Then there were several calls to other countries — to radio stations in Lithuania, Latvia, and Estonia. There was a different reaction there. They were happy. They had fought for independence themselves, and I told them that now it would be much easier to get Moscow to recognize the independence of these countries. These were my first four calls. During them, my colleagues, since there were literally two phone booths, were rushing into mine, and I was holding the door with my hands. I can’t remember who was trying to open the door because I wasn’t looking. Otherwise, I would have seen my friends there and had to open it. And I wanted to finish the conversation.
— In your opinion, what is the role of the Ukrainian media in the establishment of Ukraine’s independence?
— By and large, we did not have national state journalism at that time. It was republican journalism, and at its core, it was regional journalism. In fact, in Soviet times, the Ukrainian press, both Ukrainian-language and Russian-language, could cover a limited range of topics. Everything from international information to high culture had to be written in Moscow, in Moscow publications, or at the very least, in the TASS agency for republication in the provincial press, as it was called then. And we were such a provincial press. Even before the Declaration of Independence, we tried to change the situation and create a real national self-sufficient journalism.

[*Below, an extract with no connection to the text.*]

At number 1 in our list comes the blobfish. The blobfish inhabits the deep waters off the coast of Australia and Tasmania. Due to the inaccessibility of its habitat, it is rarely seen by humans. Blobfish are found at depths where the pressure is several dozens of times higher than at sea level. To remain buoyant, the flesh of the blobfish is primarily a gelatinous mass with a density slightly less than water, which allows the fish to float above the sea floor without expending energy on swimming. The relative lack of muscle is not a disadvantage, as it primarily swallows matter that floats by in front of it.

My very work in Moscow, the fact that I wanted to write from there for the Ukrainian media, for Molod Ukrayiny, was based on my conviction that we should look at the changes in the Soviet Union with our own eyes rather than reprint Moscow’s messages. I didn’t just work in Moscow; I traveled to the Baltic states and published entire columns about the congresses of the Popular Fronts in the Baltic countries, which was very important before the congress of our Rukh [Narodnyi Rukh Ukrayiny, People’s Movement of Ukraine]. I met with people who wanted change and did extensive telephone interviews with people from all over the world precisely because I wanted us to look like a real national newspaper. I was guided, by the way, by the newspapers of the Union Republics of Yugoslavia, which, although they were newspapers of the Union republics, had their own correspondents in different capitals of the world — they gave their readers full information. You could read reports from Moscow, Brussels, London, you name it, in Slovenian or Macedonian. We didn’t have this for decades.

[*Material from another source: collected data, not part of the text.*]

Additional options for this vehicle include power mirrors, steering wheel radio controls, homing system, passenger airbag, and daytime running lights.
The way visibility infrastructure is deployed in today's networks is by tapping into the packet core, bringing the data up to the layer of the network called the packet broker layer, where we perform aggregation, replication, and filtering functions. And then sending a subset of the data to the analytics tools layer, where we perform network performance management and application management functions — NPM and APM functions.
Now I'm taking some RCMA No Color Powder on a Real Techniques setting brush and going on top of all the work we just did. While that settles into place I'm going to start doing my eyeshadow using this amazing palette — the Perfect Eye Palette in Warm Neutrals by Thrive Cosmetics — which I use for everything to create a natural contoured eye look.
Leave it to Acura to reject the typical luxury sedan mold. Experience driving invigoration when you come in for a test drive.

A particular memory stands out vividly in my mind. The first thing I did when I came to Moscow to study was to get accredited to the press center for the visit of US President Ronald Reagan, who was visiting the Soviet Union for the first time in many years. At one of the press conferences at the World Trade Center in Moscow, I asked a question and introduced myself as a journalist from the Molod Ukrayiny, Kyiv. And then I saw American journalists stand up and look at me. But it wasn’t a standing ovation — they had simply never seen a Soviet journalist from outside Moscow in their lives. The fact that someone called himself a correspondent for a Ukrainian publication (the only non-Moscow journalists at that conference were me and my colleague from Tallinn) was a sensation, something that had never happened before. And Ukraine was a member of the UN, it was represented on the international stage — only in name. And we had to make a real state out of this name.

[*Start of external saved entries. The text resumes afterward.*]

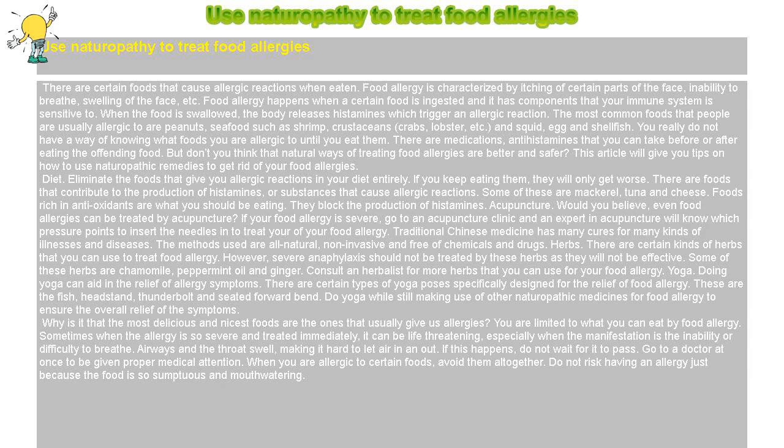Herbs. There are certain kinds of herbs that you can use to treat food allergy. However, severe anaphylaxis should not be treated by these herbs as they will not be effective. Some of these herbs are chamomile, peppermint oil, and ginger. Consult an herbalist for more herbs that you can use for your food allergy.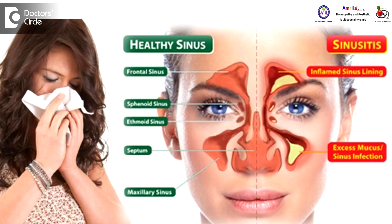Common Variable Immune Deficiency, CVID, is a condition nowadays becoming more and more common because people are becoming sensitive to various kinds of infections. This is a kind of condition where the person often presents with repeated sinusitis, repeated cold and cough, repeated chest infections.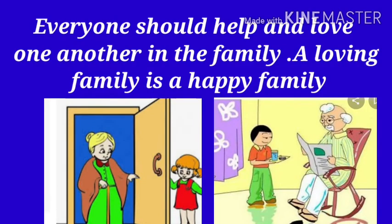Everyone should help and love one another in the family. A loving family is a happy family.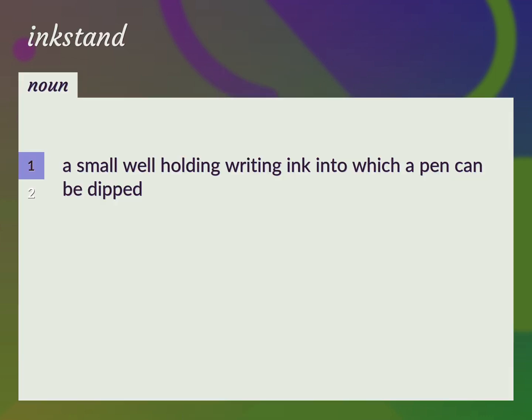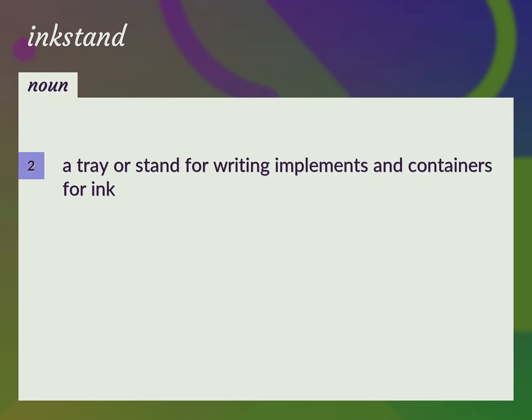A small well holding writing ink into which a pen can be dipped. Inkwell. A tray or stand for writing implements and containers for ink.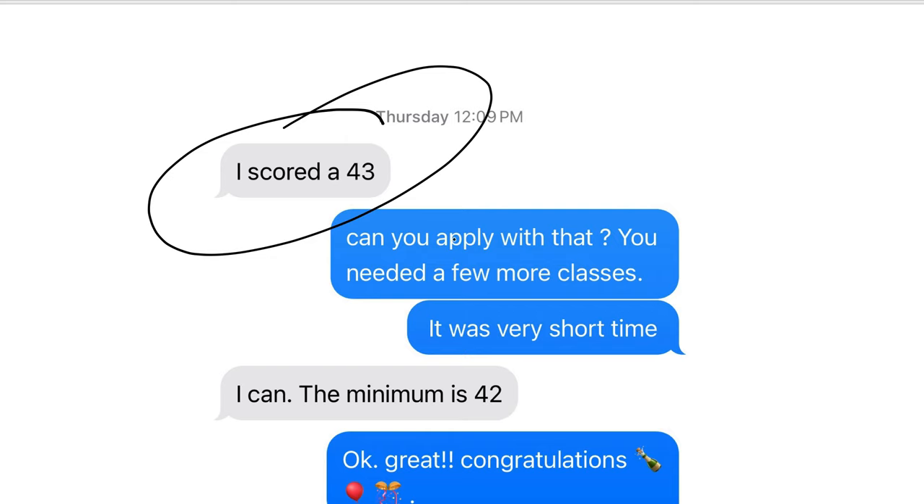This test requires at least 45 to pass and you'll be fine. But as she is already in the Navy, 42 is good for her.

I remember when I interviewed Anatoliy Maksymovych Zlenko, our first foreign minister, after the Declaration of Independence, and asked him how we would work when we don’t even have embassies anywhere, and in Moscow, we only have a representative office of the Council of Ministers of the Ukrainian SSR to the Council of Ministers of the USSR, which deals exclusively with economic issues? Who will now be engaged in political analytics in terms of what is happening in the Russian government — the things political advisers do in the embassy? It was during an interview. He looked at me and said: “You, Vitaliy, are the one who will write until we set up the embassy.” And I wrote for several months until the first ambassador appeared and the staff was formed.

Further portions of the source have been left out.